Unlike the long-term memory, the working memory has a very limited capacity. It seems to be incapable of processing more than two to four elements at a time, “with the actual number probably being at the lower rather than the higher end of this scale.” It is a bottle neck. Give it too much cognitive load (links, pop-ups, animated banners, incoming e-mail message alerts, etc) and it will be overwhelmed, hindering your capacity to learn and retain information.  As the author puts it:

When we read a book, the information faucet provides a steady drip, which we can control by the pace of our reading. Through our single-minded concentration on the text, we can transfer all or the most of the information (…) into the long-term memory and forge the rich associations essential to the creation of schemas. With the Net, we face many information faucets, all going full blast. Our little thimble overflows as we rush from one faucet to the next. We're able to transfer only a small portion of the information to long-term memory, and what we do transfer is a jumble of drops from different faucets, not a continuous, coherent stream from one source.
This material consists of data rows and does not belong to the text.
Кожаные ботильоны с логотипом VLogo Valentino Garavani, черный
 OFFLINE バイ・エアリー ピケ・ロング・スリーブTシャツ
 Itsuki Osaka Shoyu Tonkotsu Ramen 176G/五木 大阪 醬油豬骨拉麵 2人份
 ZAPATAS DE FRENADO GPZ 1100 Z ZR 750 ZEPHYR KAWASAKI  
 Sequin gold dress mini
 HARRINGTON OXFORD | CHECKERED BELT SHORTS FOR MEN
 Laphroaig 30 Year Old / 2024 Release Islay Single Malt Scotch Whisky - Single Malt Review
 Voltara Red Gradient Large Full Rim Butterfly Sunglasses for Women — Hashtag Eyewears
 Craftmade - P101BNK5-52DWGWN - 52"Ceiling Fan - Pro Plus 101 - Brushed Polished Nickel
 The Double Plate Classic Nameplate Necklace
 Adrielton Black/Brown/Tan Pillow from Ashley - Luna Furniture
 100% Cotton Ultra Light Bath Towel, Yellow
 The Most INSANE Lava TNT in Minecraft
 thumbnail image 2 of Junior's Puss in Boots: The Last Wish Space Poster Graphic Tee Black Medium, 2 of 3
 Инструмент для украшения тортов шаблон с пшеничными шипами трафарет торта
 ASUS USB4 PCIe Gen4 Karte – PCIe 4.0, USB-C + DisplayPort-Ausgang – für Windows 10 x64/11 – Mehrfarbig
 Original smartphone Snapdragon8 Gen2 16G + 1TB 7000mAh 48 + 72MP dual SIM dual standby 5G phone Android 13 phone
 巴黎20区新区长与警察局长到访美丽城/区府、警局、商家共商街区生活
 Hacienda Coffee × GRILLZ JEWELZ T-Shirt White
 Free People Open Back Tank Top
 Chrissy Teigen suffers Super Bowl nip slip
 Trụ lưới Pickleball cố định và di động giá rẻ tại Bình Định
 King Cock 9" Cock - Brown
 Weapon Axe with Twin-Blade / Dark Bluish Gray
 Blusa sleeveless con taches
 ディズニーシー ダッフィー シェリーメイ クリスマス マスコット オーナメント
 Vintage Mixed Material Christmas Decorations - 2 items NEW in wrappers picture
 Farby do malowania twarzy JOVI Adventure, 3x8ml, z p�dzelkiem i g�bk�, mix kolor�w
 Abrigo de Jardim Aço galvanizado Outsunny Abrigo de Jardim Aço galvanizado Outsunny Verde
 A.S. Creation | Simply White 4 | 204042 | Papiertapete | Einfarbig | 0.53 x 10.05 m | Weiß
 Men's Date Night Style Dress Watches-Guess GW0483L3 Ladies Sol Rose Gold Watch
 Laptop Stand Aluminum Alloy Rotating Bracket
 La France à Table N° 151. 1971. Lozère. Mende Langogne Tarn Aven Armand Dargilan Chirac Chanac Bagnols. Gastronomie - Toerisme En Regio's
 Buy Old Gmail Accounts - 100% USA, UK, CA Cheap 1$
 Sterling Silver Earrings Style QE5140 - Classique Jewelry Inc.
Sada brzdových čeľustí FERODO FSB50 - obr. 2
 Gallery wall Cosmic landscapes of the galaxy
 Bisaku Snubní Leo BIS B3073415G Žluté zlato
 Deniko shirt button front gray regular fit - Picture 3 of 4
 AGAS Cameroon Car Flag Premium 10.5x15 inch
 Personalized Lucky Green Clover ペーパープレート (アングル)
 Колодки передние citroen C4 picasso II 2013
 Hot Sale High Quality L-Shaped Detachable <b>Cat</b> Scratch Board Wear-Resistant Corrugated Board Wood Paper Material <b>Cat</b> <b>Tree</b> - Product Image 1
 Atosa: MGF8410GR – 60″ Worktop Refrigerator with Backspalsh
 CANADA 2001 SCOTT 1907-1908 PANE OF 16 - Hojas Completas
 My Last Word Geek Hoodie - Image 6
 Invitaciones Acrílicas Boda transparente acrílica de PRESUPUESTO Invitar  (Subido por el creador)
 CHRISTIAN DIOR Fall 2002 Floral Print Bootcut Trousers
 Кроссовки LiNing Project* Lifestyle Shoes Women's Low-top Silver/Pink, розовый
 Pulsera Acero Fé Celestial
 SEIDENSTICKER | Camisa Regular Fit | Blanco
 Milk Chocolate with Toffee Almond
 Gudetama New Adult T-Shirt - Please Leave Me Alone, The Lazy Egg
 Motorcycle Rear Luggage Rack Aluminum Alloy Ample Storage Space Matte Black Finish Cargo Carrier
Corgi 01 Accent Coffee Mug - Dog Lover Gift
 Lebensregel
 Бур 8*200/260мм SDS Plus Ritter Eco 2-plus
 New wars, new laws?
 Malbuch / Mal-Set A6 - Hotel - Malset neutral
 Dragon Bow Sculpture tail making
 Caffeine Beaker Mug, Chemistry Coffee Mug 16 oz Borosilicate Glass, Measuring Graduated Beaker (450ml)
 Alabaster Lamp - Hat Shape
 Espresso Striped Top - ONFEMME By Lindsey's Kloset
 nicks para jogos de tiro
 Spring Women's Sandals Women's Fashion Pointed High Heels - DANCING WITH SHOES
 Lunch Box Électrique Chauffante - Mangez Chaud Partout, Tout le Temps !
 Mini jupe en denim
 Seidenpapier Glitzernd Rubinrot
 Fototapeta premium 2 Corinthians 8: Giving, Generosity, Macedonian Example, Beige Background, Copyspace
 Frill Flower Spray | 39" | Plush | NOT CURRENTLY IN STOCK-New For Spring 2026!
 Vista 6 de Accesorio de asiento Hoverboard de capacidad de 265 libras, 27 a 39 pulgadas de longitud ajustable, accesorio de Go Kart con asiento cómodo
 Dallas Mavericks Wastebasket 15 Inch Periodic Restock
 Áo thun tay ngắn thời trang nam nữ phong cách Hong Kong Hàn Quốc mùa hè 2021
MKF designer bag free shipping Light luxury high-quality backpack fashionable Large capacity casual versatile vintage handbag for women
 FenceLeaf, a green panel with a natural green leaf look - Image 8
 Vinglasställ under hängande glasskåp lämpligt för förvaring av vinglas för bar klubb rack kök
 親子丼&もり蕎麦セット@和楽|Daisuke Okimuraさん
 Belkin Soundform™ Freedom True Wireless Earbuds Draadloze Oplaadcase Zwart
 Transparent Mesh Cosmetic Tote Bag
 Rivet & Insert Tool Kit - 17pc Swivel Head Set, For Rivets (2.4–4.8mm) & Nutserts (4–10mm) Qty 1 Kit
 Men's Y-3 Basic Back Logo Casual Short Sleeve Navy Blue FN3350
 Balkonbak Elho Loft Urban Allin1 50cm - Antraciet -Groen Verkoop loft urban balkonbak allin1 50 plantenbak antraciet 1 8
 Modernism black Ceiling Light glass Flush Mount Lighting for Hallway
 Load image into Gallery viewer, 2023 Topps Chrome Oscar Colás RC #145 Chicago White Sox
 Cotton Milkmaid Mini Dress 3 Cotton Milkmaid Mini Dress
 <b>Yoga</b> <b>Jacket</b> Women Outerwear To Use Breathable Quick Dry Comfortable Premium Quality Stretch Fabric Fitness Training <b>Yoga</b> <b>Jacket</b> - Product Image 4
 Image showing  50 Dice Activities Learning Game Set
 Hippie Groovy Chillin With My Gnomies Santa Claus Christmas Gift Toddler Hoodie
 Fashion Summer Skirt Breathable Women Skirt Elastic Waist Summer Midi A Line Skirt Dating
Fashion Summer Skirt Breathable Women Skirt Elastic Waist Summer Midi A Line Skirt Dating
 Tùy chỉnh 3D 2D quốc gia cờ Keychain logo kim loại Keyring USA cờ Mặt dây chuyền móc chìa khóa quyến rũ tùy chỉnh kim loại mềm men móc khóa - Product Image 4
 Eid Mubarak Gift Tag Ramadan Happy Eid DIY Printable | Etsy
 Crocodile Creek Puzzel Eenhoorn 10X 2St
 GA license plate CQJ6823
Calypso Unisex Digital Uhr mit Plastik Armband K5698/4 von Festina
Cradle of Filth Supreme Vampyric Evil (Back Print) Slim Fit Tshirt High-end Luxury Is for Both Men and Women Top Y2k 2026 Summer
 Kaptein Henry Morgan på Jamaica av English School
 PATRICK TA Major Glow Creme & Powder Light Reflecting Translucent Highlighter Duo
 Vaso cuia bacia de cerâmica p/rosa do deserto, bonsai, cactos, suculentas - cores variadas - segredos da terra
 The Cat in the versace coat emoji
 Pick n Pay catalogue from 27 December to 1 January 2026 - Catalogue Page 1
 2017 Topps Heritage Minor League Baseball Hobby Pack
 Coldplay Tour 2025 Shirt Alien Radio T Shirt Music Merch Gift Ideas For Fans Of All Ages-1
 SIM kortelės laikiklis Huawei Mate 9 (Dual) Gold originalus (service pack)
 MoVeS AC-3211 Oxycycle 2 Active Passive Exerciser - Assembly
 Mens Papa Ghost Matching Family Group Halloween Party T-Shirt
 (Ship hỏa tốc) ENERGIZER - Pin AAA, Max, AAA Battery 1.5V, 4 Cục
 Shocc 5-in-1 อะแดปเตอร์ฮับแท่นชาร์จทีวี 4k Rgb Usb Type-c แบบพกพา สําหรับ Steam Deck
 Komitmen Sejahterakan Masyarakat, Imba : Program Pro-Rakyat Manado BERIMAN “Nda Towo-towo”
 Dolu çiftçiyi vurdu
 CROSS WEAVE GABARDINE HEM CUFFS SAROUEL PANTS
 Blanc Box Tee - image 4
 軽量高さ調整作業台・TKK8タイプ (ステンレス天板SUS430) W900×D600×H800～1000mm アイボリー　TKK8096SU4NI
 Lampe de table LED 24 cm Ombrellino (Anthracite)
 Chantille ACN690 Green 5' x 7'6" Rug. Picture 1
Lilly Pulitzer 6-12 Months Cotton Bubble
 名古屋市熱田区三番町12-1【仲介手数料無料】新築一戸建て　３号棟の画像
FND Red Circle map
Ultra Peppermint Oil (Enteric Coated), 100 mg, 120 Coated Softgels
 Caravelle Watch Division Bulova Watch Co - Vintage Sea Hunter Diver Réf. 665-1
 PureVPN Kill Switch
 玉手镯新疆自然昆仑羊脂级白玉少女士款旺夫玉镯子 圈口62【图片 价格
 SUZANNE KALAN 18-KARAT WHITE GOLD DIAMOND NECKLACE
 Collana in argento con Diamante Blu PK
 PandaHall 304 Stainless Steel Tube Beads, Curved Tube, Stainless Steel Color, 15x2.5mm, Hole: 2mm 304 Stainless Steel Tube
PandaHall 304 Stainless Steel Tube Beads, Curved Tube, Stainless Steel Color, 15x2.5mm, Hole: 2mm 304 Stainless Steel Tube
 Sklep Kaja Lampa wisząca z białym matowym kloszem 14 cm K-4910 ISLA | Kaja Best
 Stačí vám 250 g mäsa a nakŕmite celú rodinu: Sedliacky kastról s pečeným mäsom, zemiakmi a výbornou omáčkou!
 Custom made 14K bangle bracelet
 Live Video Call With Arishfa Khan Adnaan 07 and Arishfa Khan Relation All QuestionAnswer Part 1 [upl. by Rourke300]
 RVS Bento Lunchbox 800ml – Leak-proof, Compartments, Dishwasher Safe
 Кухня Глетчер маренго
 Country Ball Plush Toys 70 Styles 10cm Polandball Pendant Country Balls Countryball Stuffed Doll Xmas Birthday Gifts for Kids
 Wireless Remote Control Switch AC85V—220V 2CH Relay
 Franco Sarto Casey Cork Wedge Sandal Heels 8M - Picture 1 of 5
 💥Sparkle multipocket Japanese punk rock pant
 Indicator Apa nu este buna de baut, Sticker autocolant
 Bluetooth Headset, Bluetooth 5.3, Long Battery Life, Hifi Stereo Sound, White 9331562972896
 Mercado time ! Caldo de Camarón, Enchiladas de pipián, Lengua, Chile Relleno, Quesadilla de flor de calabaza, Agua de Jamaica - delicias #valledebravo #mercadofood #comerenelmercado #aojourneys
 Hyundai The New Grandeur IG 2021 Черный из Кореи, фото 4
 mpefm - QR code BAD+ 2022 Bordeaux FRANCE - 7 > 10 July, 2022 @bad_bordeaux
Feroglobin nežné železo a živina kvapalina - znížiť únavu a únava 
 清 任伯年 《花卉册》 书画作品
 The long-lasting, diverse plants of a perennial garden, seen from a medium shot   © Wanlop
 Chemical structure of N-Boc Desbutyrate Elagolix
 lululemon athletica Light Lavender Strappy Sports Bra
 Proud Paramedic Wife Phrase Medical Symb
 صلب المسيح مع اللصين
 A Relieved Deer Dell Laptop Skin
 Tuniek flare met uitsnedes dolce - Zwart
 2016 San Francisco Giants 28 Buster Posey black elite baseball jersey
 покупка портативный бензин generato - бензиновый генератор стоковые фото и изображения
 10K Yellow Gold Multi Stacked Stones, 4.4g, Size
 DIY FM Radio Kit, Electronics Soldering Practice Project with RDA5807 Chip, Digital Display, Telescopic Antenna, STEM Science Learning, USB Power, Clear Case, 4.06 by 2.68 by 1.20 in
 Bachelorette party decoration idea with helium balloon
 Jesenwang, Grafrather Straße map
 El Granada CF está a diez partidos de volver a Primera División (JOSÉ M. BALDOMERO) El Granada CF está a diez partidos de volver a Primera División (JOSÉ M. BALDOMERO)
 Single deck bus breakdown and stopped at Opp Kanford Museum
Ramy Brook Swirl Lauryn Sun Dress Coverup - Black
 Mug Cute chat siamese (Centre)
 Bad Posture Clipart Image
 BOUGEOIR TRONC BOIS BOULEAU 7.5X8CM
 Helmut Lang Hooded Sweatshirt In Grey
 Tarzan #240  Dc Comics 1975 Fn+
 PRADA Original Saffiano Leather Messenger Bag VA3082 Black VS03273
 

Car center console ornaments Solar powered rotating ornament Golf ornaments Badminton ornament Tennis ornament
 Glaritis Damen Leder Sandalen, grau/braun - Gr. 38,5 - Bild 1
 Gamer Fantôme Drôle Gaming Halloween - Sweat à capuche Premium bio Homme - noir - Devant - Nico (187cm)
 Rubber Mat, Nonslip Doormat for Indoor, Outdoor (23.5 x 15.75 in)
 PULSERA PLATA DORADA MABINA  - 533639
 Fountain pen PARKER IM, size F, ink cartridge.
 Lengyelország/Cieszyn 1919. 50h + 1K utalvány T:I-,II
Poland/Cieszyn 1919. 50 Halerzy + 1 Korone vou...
Experiments indicate that as we reach the limits of our working memory, it becomes harder to distinguish relevant information from irrelevant information, signal from noise. We become mindless consumers of data (the emphasis is mine).
The division of attention demanded by multimedia further strains our cognitive abilities, diminishing our learning and weakening our understanding.

There is much more to the book than what is summarized above. However, that pretty much gives an idea of the seriousness of the problem, showing why the book is a must read.